** Problem **
Would you retype, word for word, the line with "Cinnyris mariquensis" and each line after it to the end of the entries below, leaving the pictures out?

** Data to use **
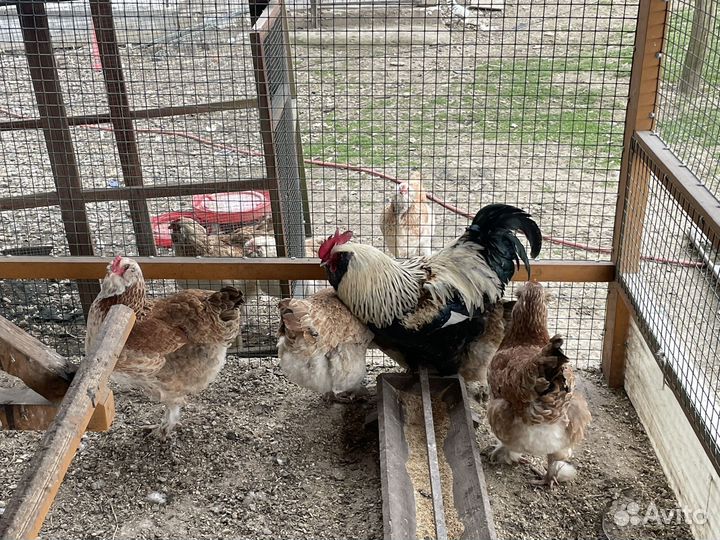 Инкубационное яйцо Фавероль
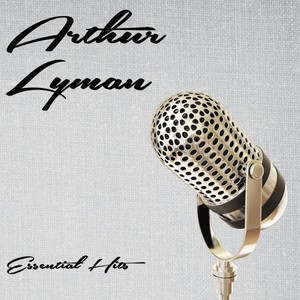 Essential Hits Albumcover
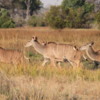 Female kudu, Botswana
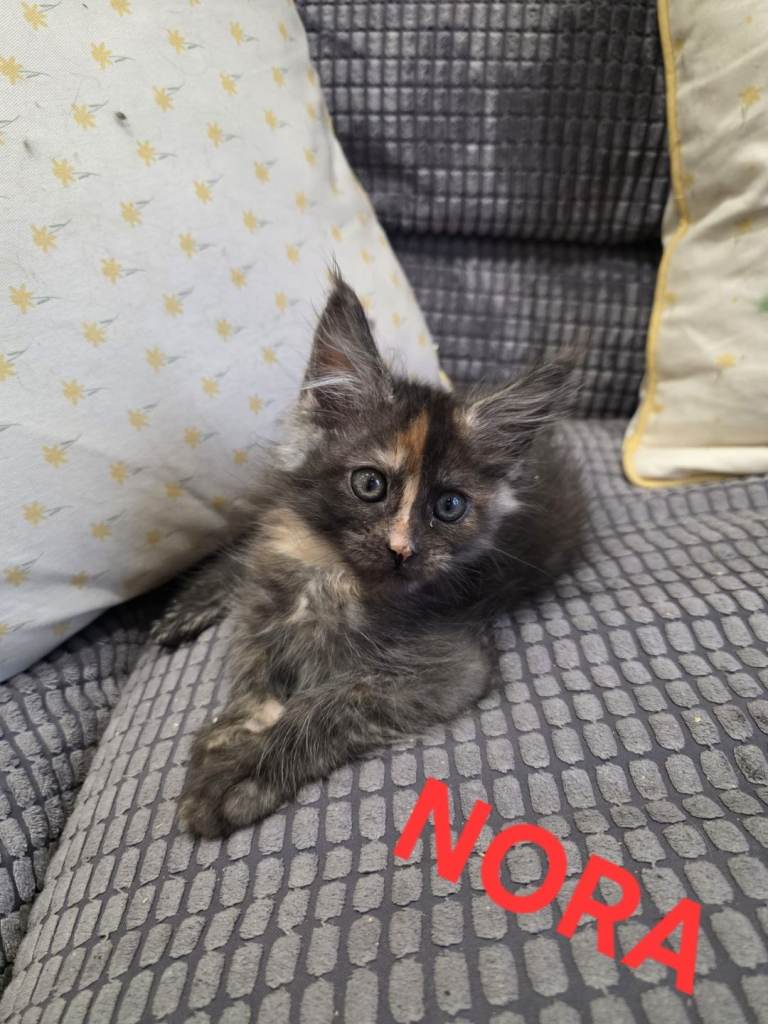2 Maine Coon kittens females 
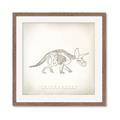 Picture of Learning Triceratops _GroupedProduct_Square_Framed_Matted_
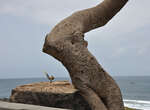 Taucher (Ponta do Sol)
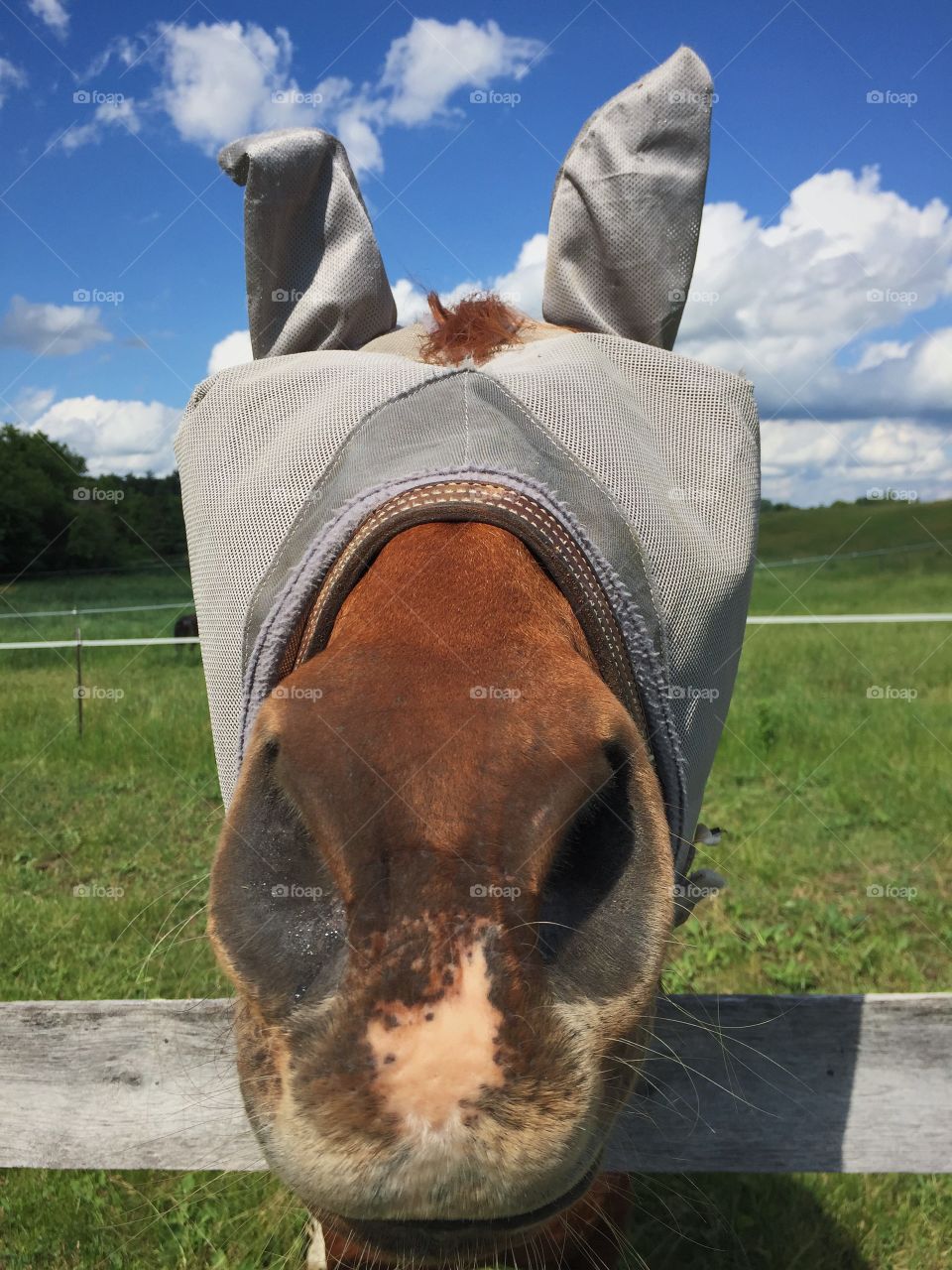 Horse nose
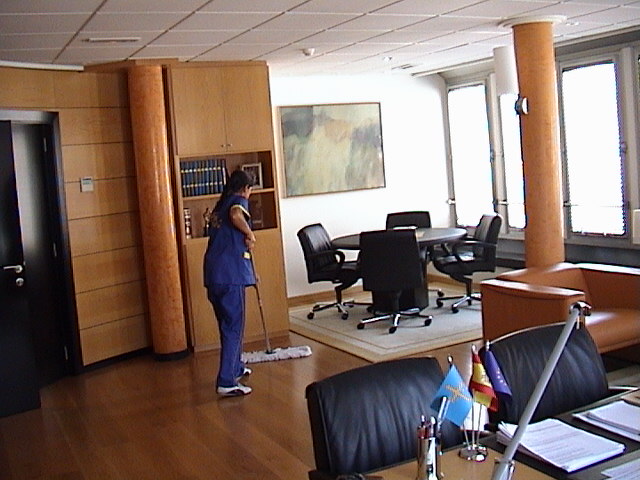 Limpieza del hogar: Limpiezas y Servicios La Campa (Gijón, Asturias)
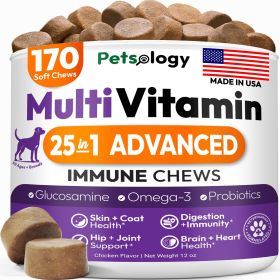 Dog Multivitamin Chewable Dog Vitamins and Supplements with Glucosamine 170 Chews Hip & Joint Pet Immune Support Skin & Coat Gut & Heart Health Senior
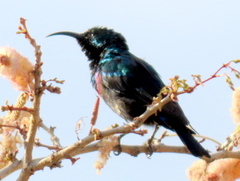 Cinnyris mariquensis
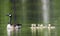 Canada Goose mother and baby goslings, Walton County, GA.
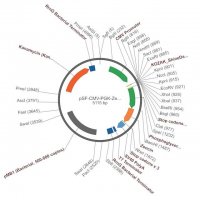 PSF-CMV-PGK-ZEO - DUAL PROMOTER ZEOCIN PLASMID OGS398-5UG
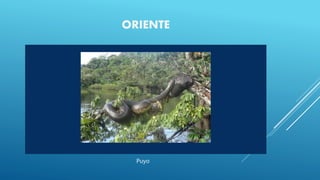 ORIENTE
Puyo
 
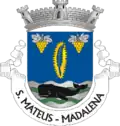 Vlag van São Mateus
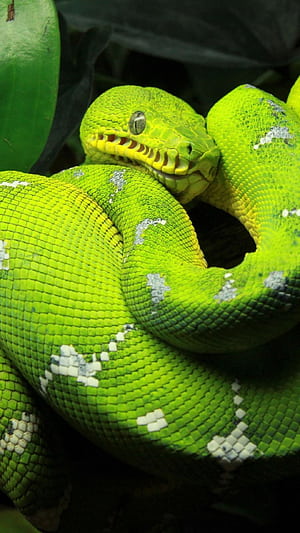 Tree Python HD phone wallpaper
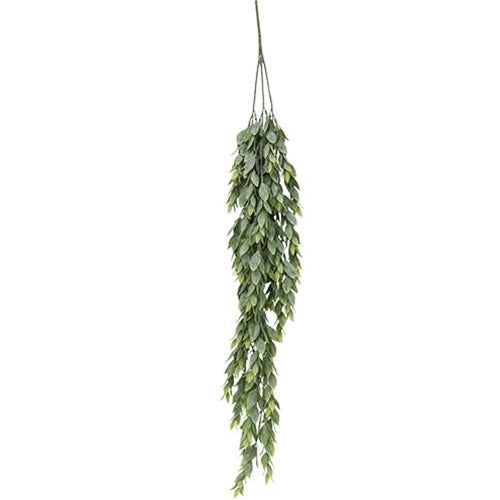 '+Rainwashed Leaves Hanging Bush 33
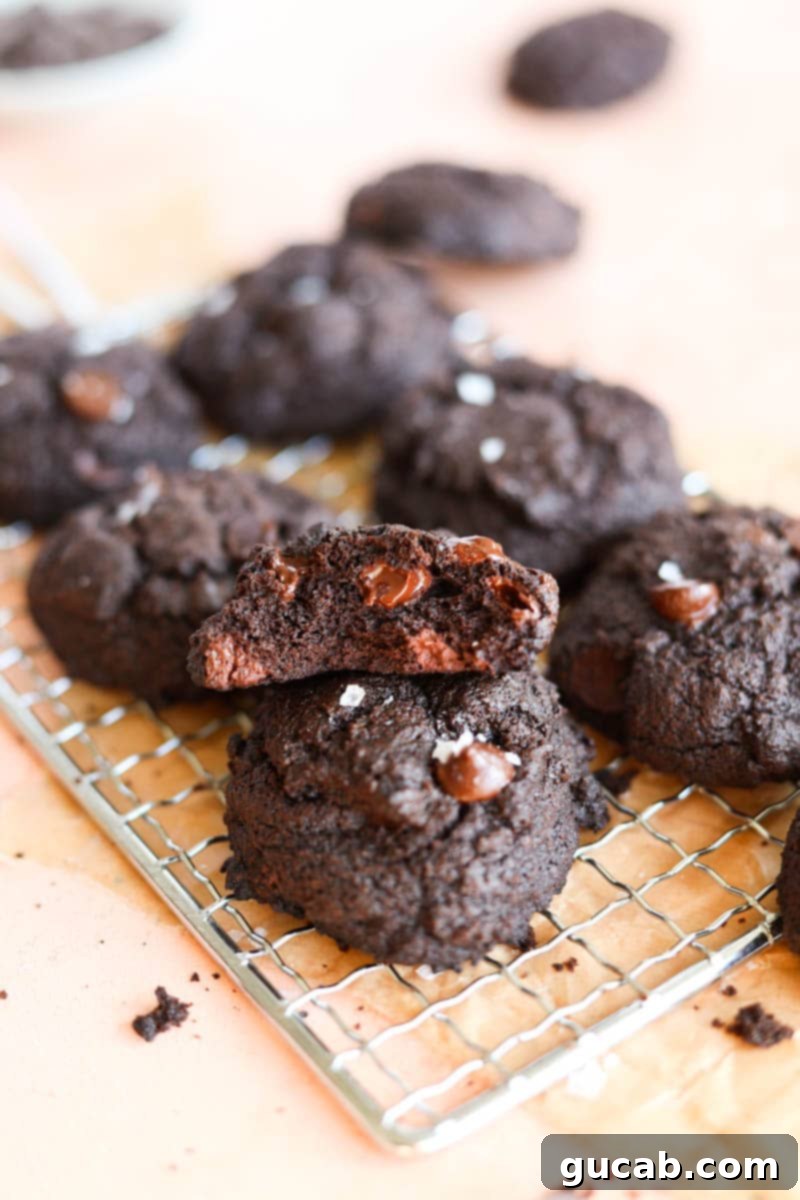 15 Decadent Cacao Delights 3 a stack of perfectly baked, rich chocolate cookies, featuring visible chocolate chips and a tender crumb
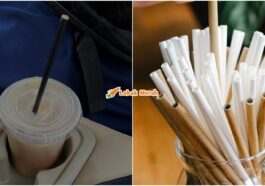 Straw Kertas Berbahaya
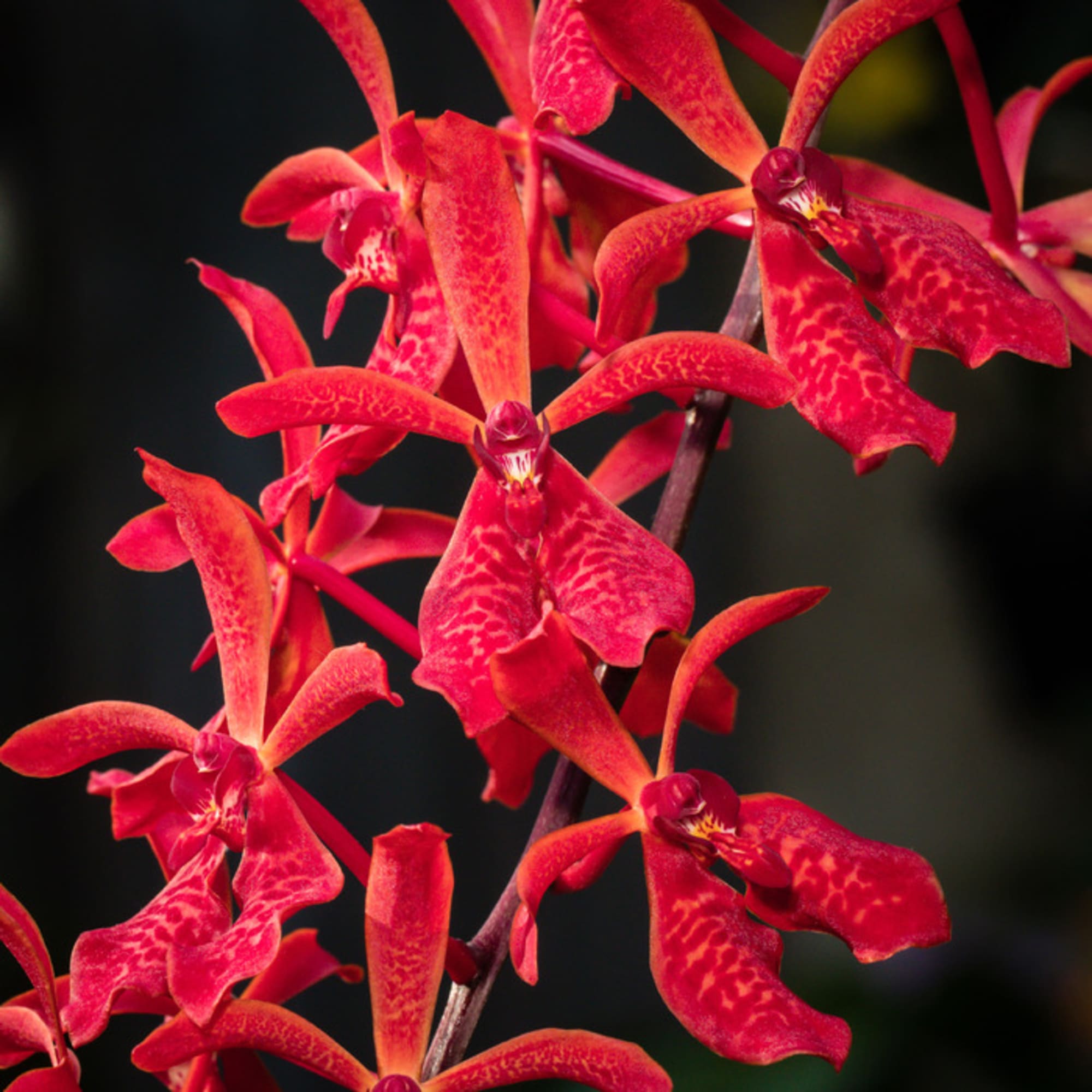 Close-up of red orchid blooms on a stem against a dark background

** Written solution **
 Cinnyris mariquensis
 Canada Goose mother and baby goslings, Walton County, GA.
 PSF-CMV-PGK-ZEO - DUAL PROMOTER ZEOCIN PLASMID OGS398-5UG
 ORIENTE
Puyo
 
 Vlag van São Mateus
 Tree Python HD phone wallpaper
 '+Rainwashed Leaves Hanging Bush 33
 15 Decadent Cacao Delights 3 a stack of perfectly baked, rich chocolate cookies, featuring visible chocolate chips and a tender crumb
 Straw Kertas Berbahaya
 Close-up of red orchid blooms on a stem against a dark background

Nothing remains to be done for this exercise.